### Requirement:
Restate word for word all of the lines below, with each image left out.

### Data shown:
########

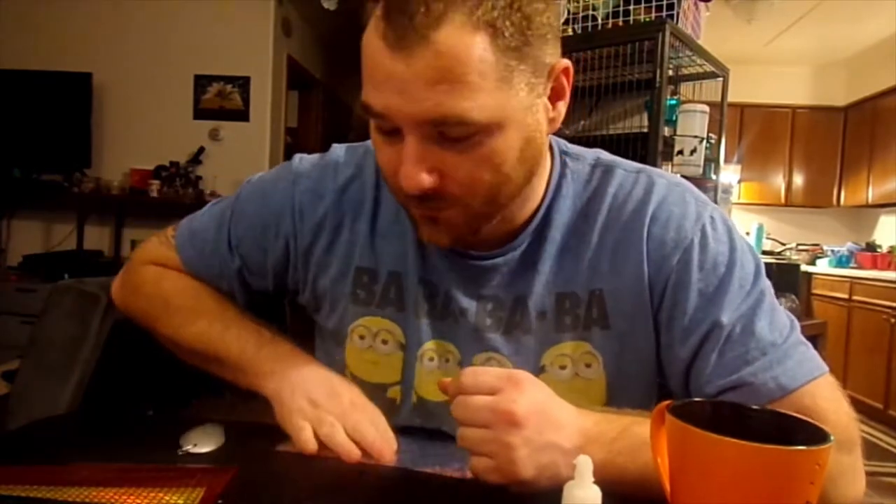This is Mr. John from AK Dragon Fisher AD, and tonight we are applying some sticker paper. Let's get into it.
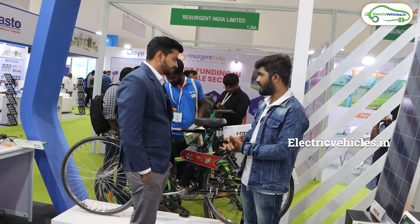So what is the cost of this kit? It is 18,000 rupees. For 18,000 rupees, we will get the complete electric kit.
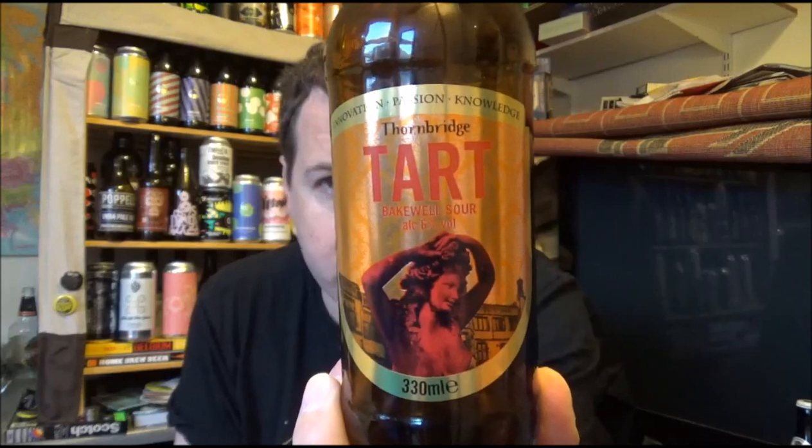If you've had this beer — Thornbridge's collaboration with Wild Beer Co, their Tart Bakewell Sour six percent ABV — let me know your thoughts in the comments below. My friend Dean from Dean's Beer Reviews has reviewed this, and I'll put links to anyone else below as well as the websites for both breweries. I'll eventually be sorting out a sour playlist and it'll appear there too. Thanks for watching — if you're new to the channel please subscribe, and I'll see you on the next review. Cheers.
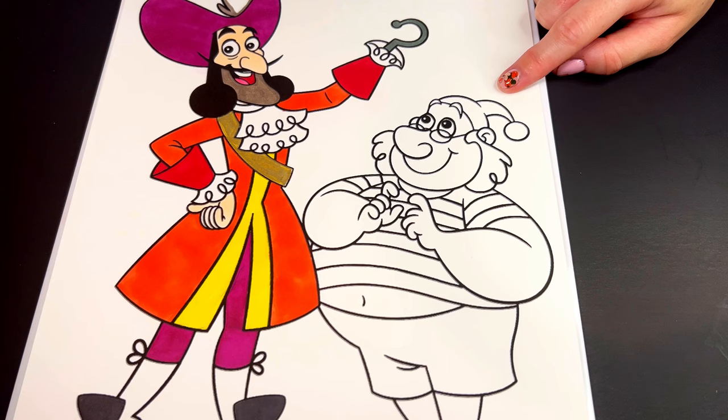Now let's move on to Mr. Smee. He has peach skin with a darker pink nose. His hat is red, and his outfit is different shades of blue.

########

### Reply to the task:
This is Mr. John from AK Dragon Fisher AD, and tonight we are applying some sticker paper. Let's get into it.
So what is the cost of this kit? It is 18,000 rupees. For 18,000 rupees, we will get the complete electric kit.
If you've had this beer — Thornbridge's collaboration with Wild Beer Co, their Tart Bakewell Sour six percent ABV — let me know your thoughts in the comments below. My friend Dean from Dean's Beer Reviews has reviewed this, and I'll put links to anyone else below as well as the websites for both breweries. I'll eventually be sorting out a sour playlist and it'll appear there too. Thanks for watching — if you're new to the channel please subscribe, and I'll see you on the next review. Cheers.
Now let's move on to Mr. Smee. He has peach skin with a darker pink nose. His hat is red, and his outfit is different shades of blue.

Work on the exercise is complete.